## [Task statement]
Output only the stretch of the listing that starts at the line containing "Muş haberleri! Diyanet" and ends at the line containing "Куриные котлеты по-французски Куриные", reproduced exactly with both ends.

## [Data extracts]
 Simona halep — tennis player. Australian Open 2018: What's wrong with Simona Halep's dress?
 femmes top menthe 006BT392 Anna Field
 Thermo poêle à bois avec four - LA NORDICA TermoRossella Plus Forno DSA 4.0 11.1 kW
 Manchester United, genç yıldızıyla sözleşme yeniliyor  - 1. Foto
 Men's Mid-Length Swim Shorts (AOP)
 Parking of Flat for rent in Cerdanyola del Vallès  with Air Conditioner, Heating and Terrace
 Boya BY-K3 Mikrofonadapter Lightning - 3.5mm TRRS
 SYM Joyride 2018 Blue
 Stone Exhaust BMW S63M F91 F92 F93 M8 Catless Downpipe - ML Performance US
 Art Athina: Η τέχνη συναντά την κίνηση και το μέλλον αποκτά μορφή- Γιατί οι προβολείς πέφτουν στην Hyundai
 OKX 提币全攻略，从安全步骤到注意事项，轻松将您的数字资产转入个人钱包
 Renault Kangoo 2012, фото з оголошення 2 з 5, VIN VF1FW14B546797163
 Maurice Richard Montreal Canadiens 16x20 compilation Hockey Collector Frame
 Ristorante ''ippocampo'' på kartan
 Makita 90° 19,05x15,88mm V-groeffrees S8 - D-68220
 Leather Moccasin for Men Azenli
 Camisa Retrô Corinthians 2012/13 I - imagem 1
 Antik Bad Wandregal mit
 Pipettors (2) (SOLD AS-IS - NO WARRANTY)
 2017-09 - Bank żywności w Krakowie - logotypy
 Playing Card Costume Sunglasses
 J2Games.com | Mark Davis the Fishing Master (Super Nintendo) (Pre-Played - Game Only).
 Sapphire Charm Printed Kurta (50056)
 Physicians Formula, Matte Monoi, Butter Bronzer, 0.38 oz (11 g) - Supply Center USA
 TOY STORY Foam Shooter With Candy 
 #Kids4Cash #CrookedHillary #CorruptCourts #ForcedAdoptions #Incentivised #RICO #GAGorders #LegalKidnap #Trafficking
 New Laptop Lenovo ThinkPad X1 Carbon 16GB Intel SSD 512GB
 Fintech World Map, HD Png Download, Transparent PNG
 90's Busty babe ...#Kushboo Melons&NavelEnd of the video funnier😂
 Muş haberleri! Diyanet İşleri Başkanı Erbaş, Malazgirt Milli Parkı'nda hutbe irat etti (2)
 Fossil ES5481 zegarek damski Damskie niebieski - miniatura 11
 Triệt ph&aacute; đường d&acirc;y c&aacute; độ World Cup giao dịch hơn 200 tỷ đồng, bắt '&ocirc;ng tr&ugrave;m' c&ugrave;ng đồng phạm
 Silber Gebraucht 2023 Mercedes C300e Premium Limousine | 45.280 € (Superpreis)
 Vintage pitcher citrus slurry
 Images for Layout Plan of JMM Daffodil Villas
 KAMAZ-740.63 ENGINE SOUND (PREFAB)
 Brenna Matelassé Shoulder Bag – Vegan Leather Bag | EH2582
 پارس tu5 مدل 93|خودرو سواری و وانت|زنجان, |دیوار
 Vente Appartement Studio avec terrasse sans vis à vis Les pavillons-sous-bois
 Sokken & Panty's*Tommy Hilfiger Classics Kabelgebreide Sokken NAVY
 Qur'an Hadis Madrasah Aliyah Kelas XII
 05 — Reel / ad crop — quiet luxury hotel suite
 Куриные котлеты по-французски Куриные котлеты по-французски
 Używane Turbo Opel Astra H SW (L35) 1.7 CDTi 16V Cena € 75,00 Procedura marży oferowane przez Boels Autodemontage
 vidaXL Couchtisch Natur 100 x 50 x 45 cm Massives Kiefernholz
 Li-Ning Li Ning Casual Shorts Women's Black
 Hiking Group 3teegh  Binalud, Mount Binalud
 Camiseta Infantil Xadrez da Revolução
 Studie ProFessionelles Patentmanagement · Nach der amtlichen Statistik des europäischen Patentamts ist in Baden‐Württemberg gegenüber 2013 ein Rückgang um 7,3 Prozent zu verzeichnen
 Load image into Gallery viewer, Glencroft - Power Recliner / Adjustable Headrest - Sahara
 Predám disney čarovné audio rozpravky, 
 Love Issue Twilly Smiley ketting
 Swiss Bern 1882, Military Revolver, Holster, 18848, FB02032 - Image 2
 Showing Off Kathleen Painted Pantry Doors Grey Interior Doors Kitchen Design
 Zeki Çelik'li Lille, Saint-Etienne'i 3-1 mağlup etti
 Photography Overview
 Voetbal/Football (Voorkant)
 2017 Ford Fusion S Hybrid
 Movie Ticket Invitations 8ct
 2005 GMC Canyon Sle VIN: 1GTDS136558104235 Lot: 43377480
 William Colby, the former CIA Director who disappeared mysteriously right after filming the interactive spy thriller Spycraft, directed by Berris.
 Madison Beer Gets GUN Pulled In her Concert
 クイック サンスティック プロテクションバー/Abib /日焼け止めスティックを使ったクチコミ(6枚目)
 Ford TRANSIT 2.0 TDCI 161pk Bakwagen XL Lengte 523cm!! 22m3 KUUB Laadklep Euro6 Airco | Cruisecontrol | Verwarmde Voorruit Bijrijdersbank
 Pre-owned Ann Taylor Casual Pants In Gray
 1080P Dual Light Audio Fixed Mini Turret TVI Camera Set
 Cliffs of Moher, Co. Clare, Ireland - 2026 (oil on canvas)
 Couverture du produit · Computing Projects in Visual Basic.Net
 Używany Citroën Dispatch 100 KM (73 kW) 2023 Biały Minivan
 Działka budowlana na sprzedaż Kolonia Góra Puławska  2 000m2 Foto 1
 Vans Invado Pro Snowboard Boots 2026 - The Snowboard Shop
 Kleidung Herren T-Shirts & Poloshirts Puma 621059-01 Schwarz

## [Reply]
 Muş haberleri! Diyanet İşleri Başkanı Erbaş, Malazgirt Milli Parkı'nda hutbe irat etti (2)
 Fossil ES5481 zegarek damski Damskie niebieski - miniatura 11
 Triệt ph&aacute; đường d&acirc;y c&aacute; độ World Cup giao dịch hơn 200 tỷ đồng, bắt '&ocirc;ng tr&ugrave;m' c&ugrave;ng đồng phạm
 Silber Gebraucht 2023 Mercedes C300e Premium Limousine | 45.280 € (Superpreis)
 Vintage pitcher citrus slurry
 Images for Layout Plan of JMM Daffodil Villas
 KAMAZ-740.63 ENGINE SOUND (PREFAB)
 Brenna Matelassé Shoulder Bag – Vegan Leather Bag | EH2582
 پارس tu5 مدل 93|خودرو سواری و وانت|زنجان, |دیوار
 Vente Appartement Studio avec terrasse sans vis à vis Les pavillons-sous-bois
 Sokken & Panty's*Tommy Hilfiger Classics Kabelgebreide Sokken NAVY
 Qur'an Hadis Madrasah Aliyah Kelas XII
 05 — Reel / ad crop — quiet luxury hotel suite
 Куриные котлеты по-французски Куриные котлеты по-французски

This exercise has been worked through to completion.